By the end of September our timber frame was up, our roof was on, and our windows and doors were in, yet the building still looked like a gigantic cardboard box. That’s the weirdness of timber frame construction – because the frame does all the structural work, the outer rainscreen can be added later.
Of course the final finish does much more than keep the rain off. It also transforms the character of the building. For our Arts and Crafts home, we wanted a traditional, beautiful and crafted material. So the choice was obvious: brick. But which brick? I found the answer to this question at one of the self-build shows where I met a couple of reps from Northcot Brickworks in Gloucestershire. They showed me their range of handmade bricks and I was immediately struck by the Silver Grey. This is a red-orange brick dusted with a fine grey sand, a delicate colour combination that I could see would look fabulous when applied at scale.
Northcot is a long-established brickworks that has been extracting clay from the same pit since 1925. Their Silver Grey bricks are made in the traditional way, formed by hand using a mould then fired in a coal-fired kiln. The different temperatures within the kiln add variations in colour to the variations in form created by the hand-moulding: subtle differences that add up to a characterful finish.
Our little site in south London was completely overwhelmed when the bricks arrived. We don’t have much room at the front of the site so as the packs came off the lorry we had to pile them high. It was all a little hairy until we had shifted a couple of thousand through the house to the back garden. Then we were ready for the brickies to start.

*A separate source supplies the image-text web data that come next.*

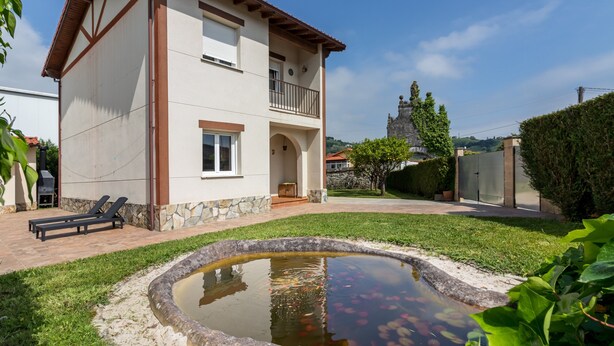 A two-story house with a stone foundation, a balcony, and a small pond in the backyard. - Casa Margarita in Rada (Rada)
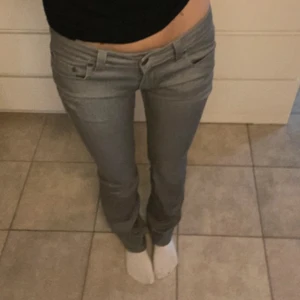 Gråa bootcut jeans med låg midja - Snygga grå jeans med låg midja och bootcut-ben. Klassisk femficksmodell med dragkedja och knapp framtill. Jeansen har en rak passform upptill och lätt utsvängda ben, vilket ger en cool siluett. Perfekta för dig som gillar en avslappnad men trendig look.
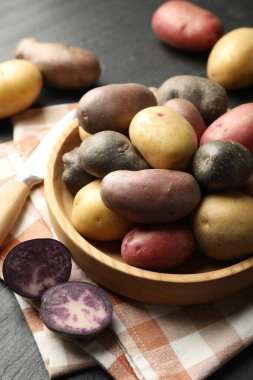 Kasede farklı patates çeşitleri ve siyah masada bıçak, yakın plan.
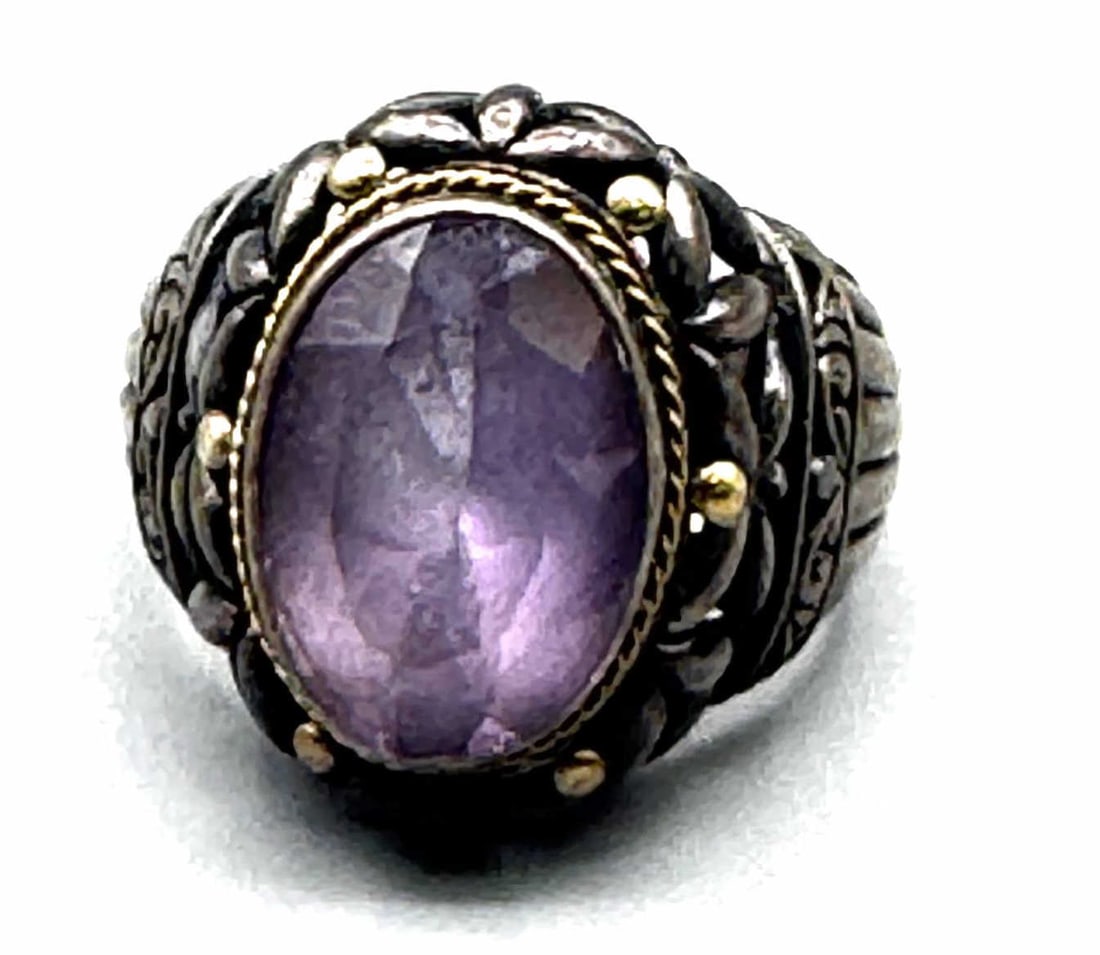 DAVID YURMAN AMETHYST RING: DAVID YURMAN AMETHYST RING CRAFTED WITH STERLING SILVER BAND AND A 14KT YELLOW GOLD BEZEL HOLDING FACETED AMETHYST STONE. SIZE 7. TOTAL WEIGHT: 8 GRAMS.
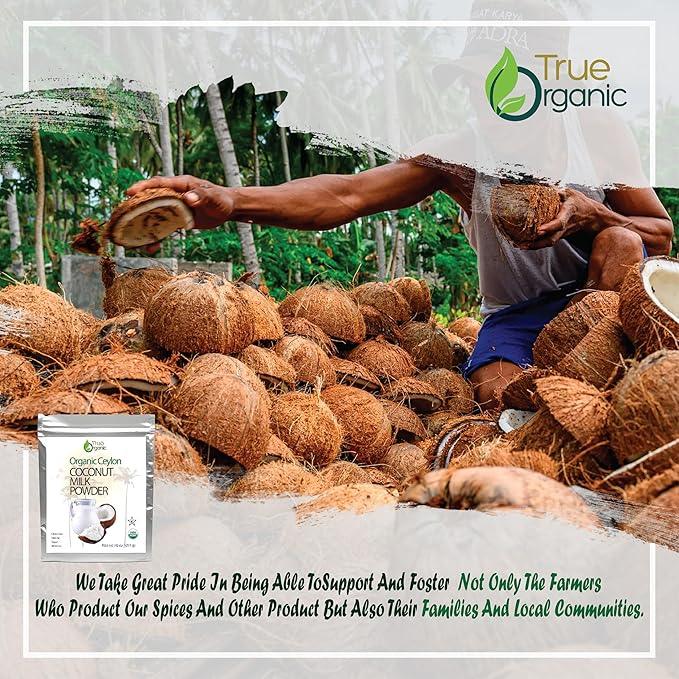 Farmer harvesting coconuts amidst a pile of cracked coconut shells in a tropical farm setting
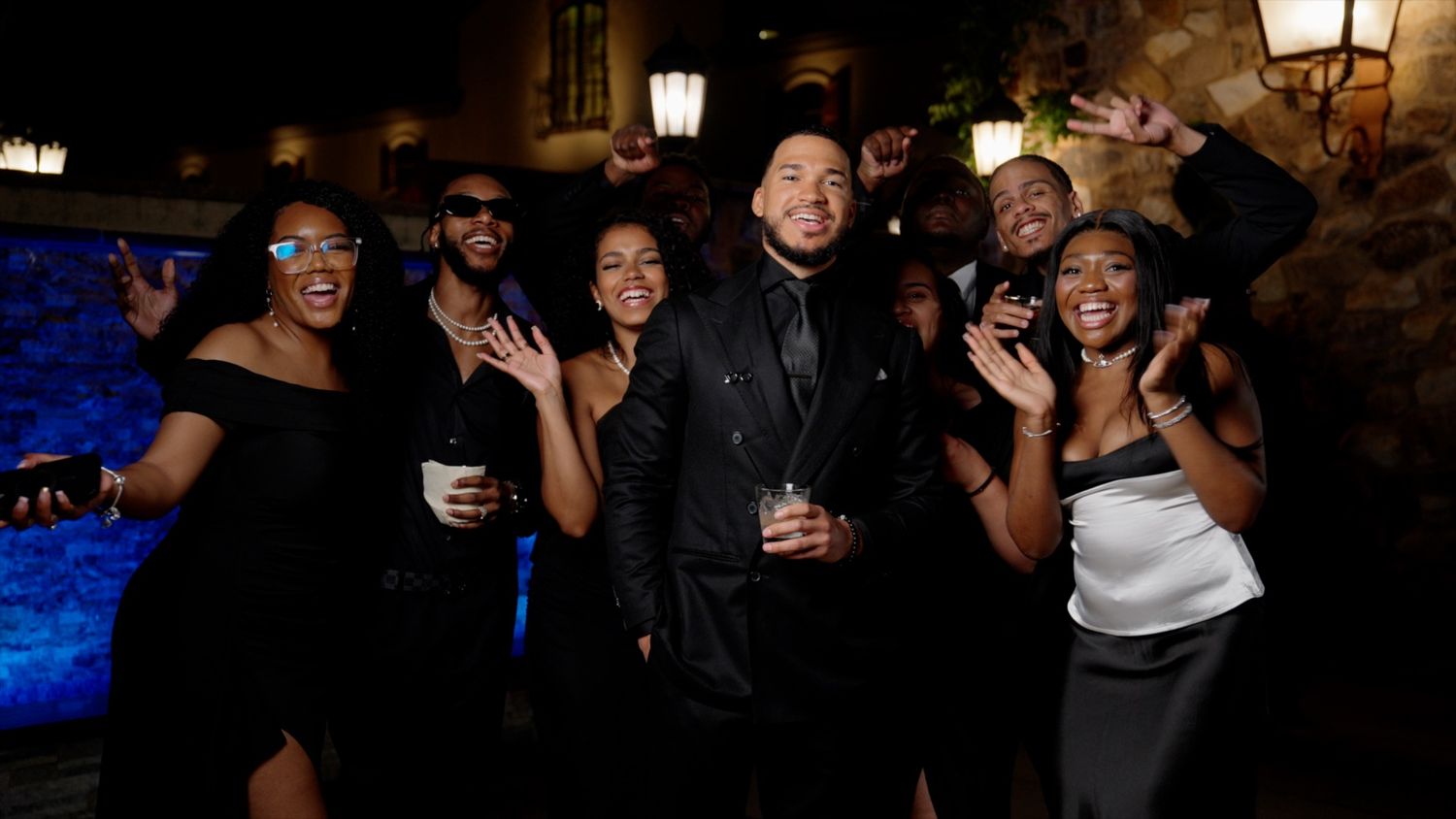 Group of friends celebrating and posing together at an elegant outdoor evening party.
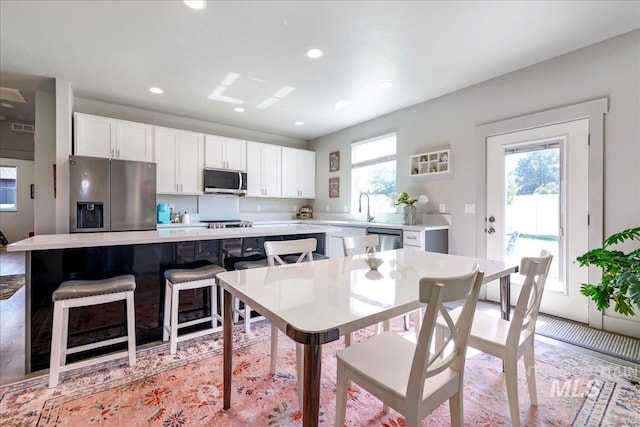 837 Trout Creek Way, Kimberly, ID 83314 - kitchen with appliances with stainless steel finishes, light countertops, white cabinetry, recessed lighting, and a breakfast bar area
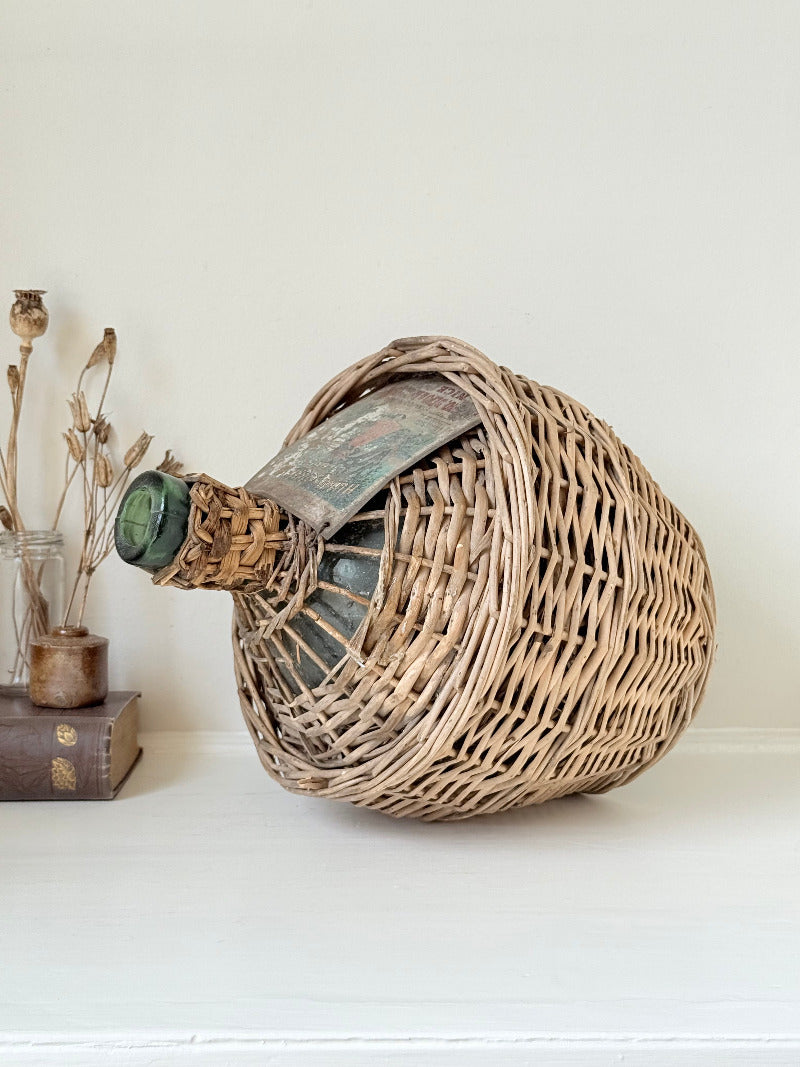 antique French demi john olive oil jar in wicker basket with green glass bottle and painted metal label, displayed on white surface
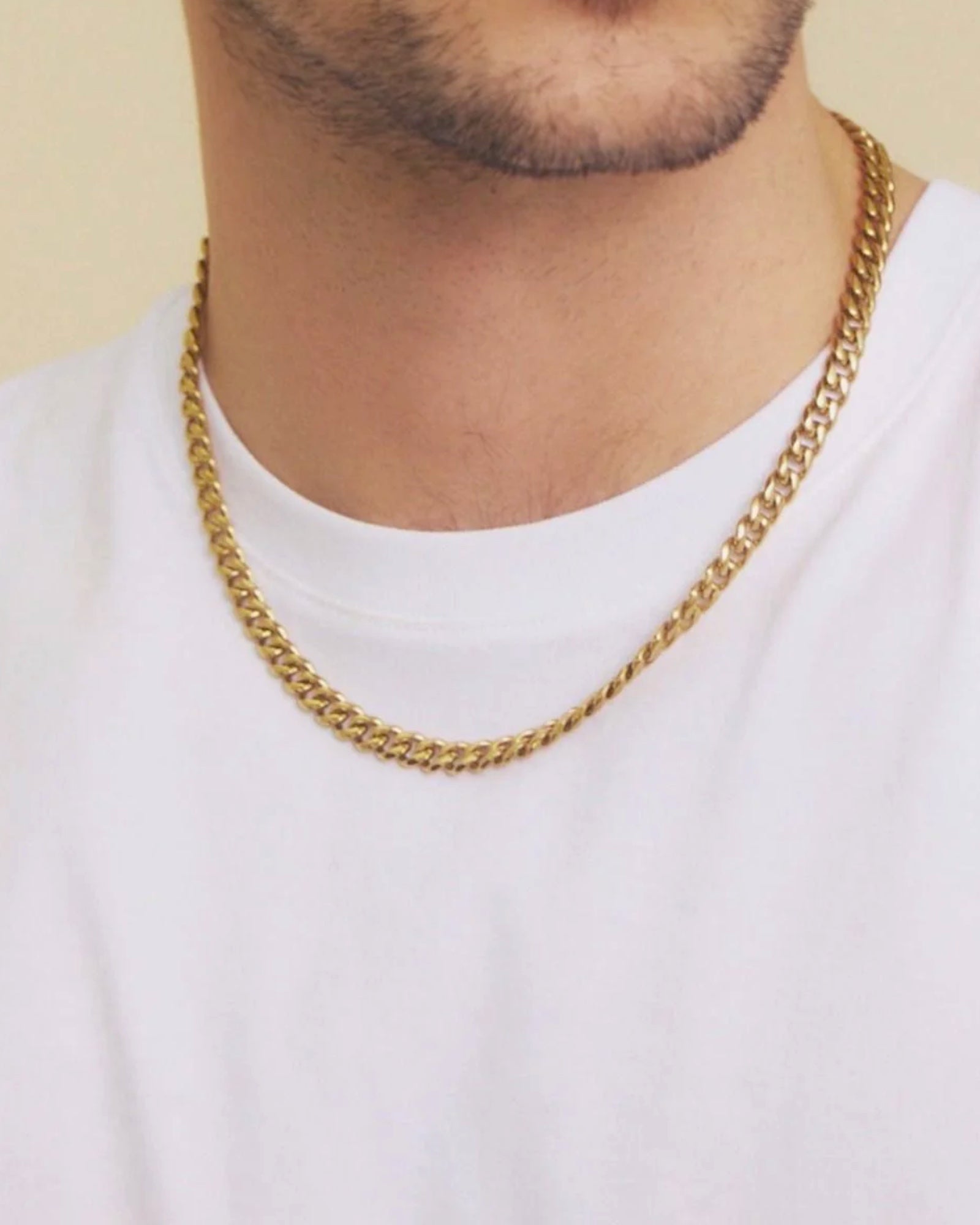 Gold Clark Chain Necklace for men by Edblad, featuring a sleek and stylish design on a plain background.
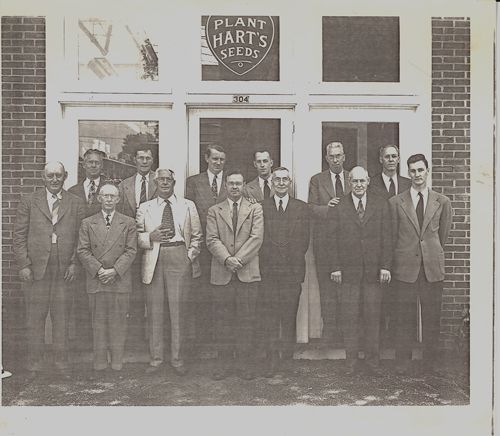 A group of men standing in front of a building that says plant hart 's seeds
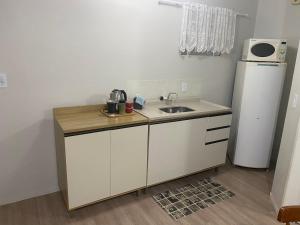 a small kitchen with a sink and a refrigerator at Pousada Le Sorelle apt03 in Rosário do Sul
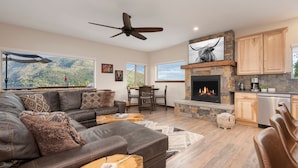 A spacious living room with a fireplace, leather sofa, and a dining area with a view of the mountains. - Expansive Mountain Views - New Construction, Close to Town + PF, Fireplace, Pool Table, Deck (Grand Lake)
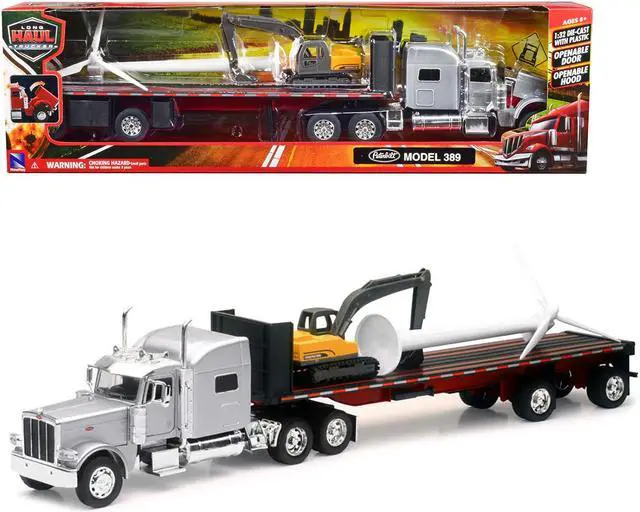 Main image of Peterbilt 389 Truck with Flatbed Trailer Silver Metallic with Excavator and Wind Turbine 1/32 Diecast Model by New Ray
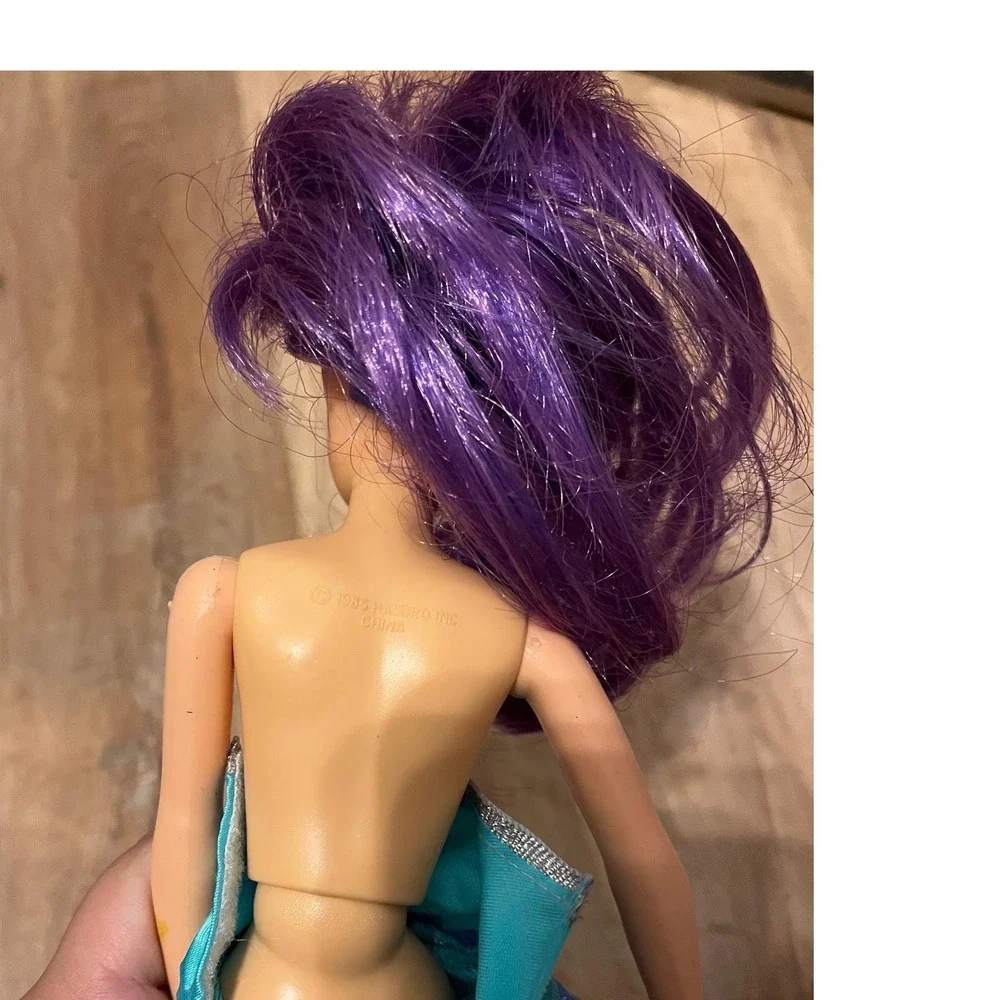 Vintage 1985 Hasbro Jem and the Holograms Doll Purple Hair Star Dress 80s Toy‎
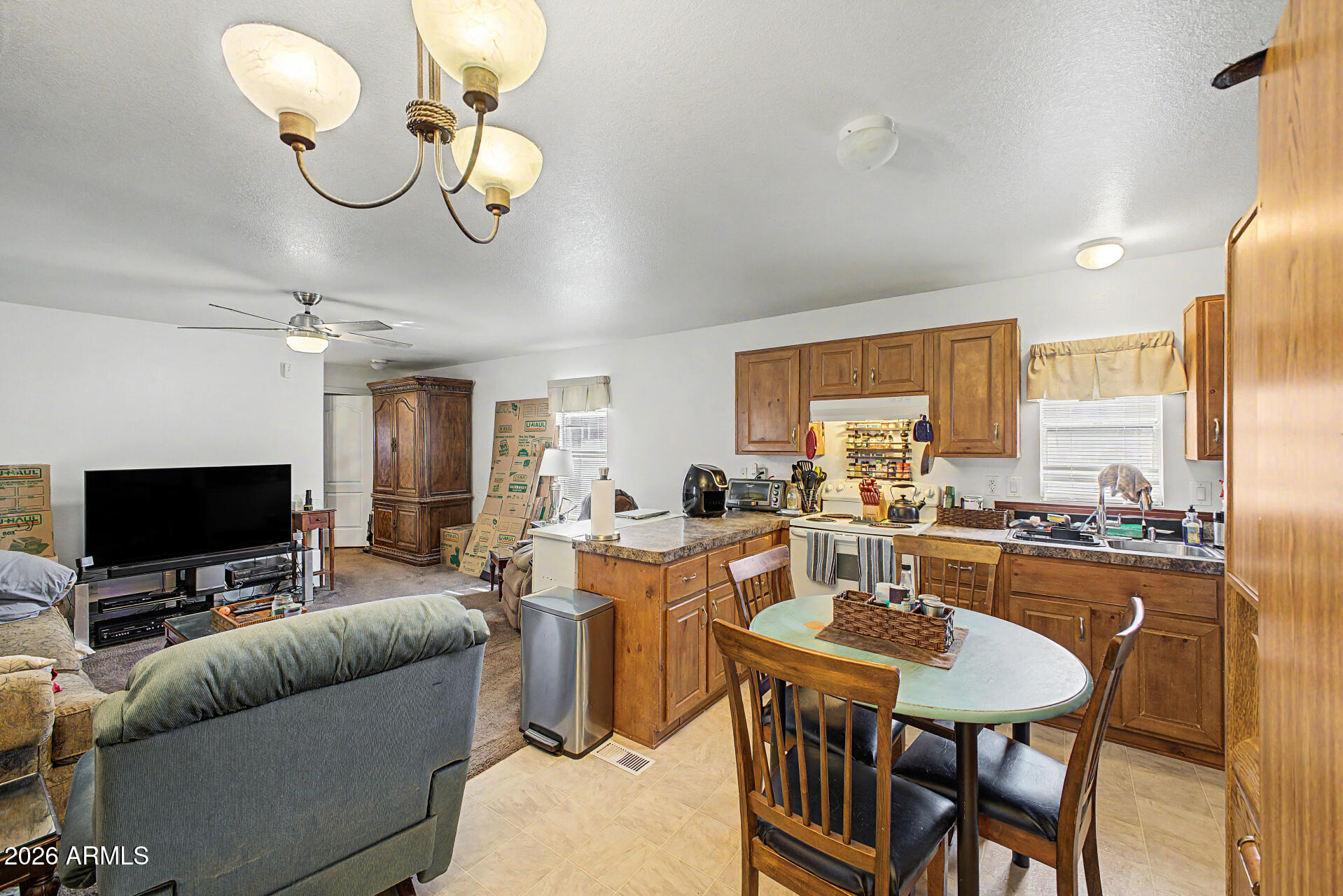625 West McKellips Road, Unit 55 Mesa, AZ 85201 - Photo 7 of 21 a view of a dining room with furniture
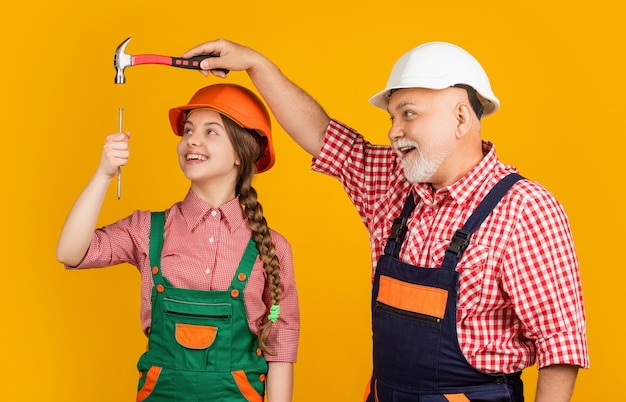 Happy child and grandfather carpenter in helmet on yellow background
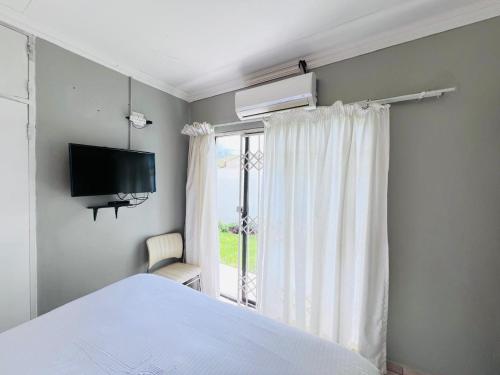 a bedroom with a bed and a tv and a window at Oteng Lifestyle BnB in Rustenburg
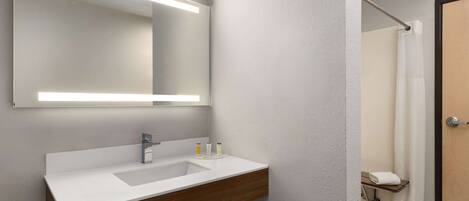 A modern bathroom with a white sink, wooden vanity, and a large mirror with integrated lighting.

For good brickwork, you need good brickies. Although I had built a wall at the bottom of the garden, I knew that I needed experienced craftsman for the main event. Fortunately, the team I hired, from J&R Contractors, were up to the job and happy to use our slightly irregular handmade bricks. As the bricks were all a little oversized, they had to be careful to keep the joints tight and not to let the courses drift upwards. They also had to get used to using a completely new material: lime mortar.
I reckon lime mortar beats cement on just about every count. It takes a lot longer to go off but that’s an advantage on site. We bought big one tonne bags of wet lime mortar form Mike Wye & Associates, a lovely blue-white mortar that goes perfectly with our orange-red bricks. Although we mixed the mortar with a setting agent we could still leave the mixer full of mortar at the end of the day and get it going again the next morning, so there was no need for the daily grind of cleaning the mixer. Lime mortar always retains some flexibility, so a wall made with lime mortar is much less likely to crack than a wall made with cement. Plus, when the wall eventually gets taken down, the bricks can be reclaimed. In contrast, cement turns everything into a solid mass.
The brickies did a great job and coped well with all the tricky details of our design. I had made life particularly difficult for everyone by designing a tiled detail round all the windows. To build this, the brickies had to lay specially cut concrete blocks, set back from the face of the brickwork, which I then used as the base for the tiling. The result is certainly distinctive: our beautiful Northcot bricks set against blue-green porcelain tiles from Portugal. After six months of hard graft, our Arts and Crafts vision is finally beginning to emerge.